“The dumb fools!” hollered out Josiah. “What did they act so like idiots for—and villains? The Southerners always did act like the Old Harry anyway.”
“THE DUMB FOOLS!”
My dear companion is fervid and impassioned in his feelin’s and easily wrought on, and he felt what he said. John Richard wuz a relation on his own side, and he could not calmly brook the idee of his sufferin’s.
But Cousin John didn’t look mad, nor excited, nor anything. He had a sort of a patient look onto his face, and as if he had tried to reason things out for some time.
“Such a state of affairs was inevitable,” sez he. “Then you don’t blame the cussed fools, do you?” yelled out Josiah, fearfully wrought up and agitated.
Oh, what a word to use, and to a minister too—“cussed”! I felt as if I should sink right down into the suller—I wuz about over the potato ben—and I didn’t much care if I did sink, I felt so worked up.

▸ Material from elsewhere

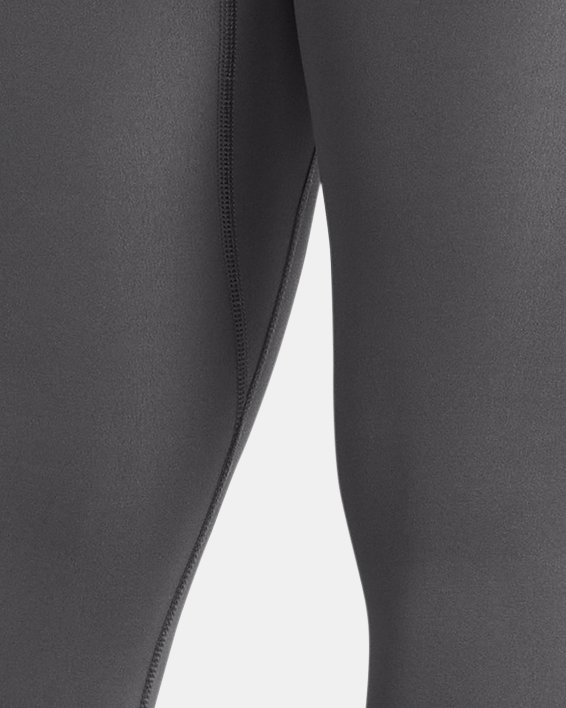 Women's UA Meridian Ankle Leggings in Gray image number 1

But Cousin John Richard didn’t seem to mind it at all. He had got up into a higher region than my soul wuz a sailin’ round in—he had got up so high that little buzzin’, stingin’ insects that worried me didn’t touch him; he had got up into a calm, pure atmosphire where they couldn’t fly round.
He went on calm as a full moon on a clear night, and sez he:
“It is difficult to put the blame for this state of affairs on any one class, the evil is so far spread. The evil root was planted centuries ago, and we are partaking of its poison fruit to-day.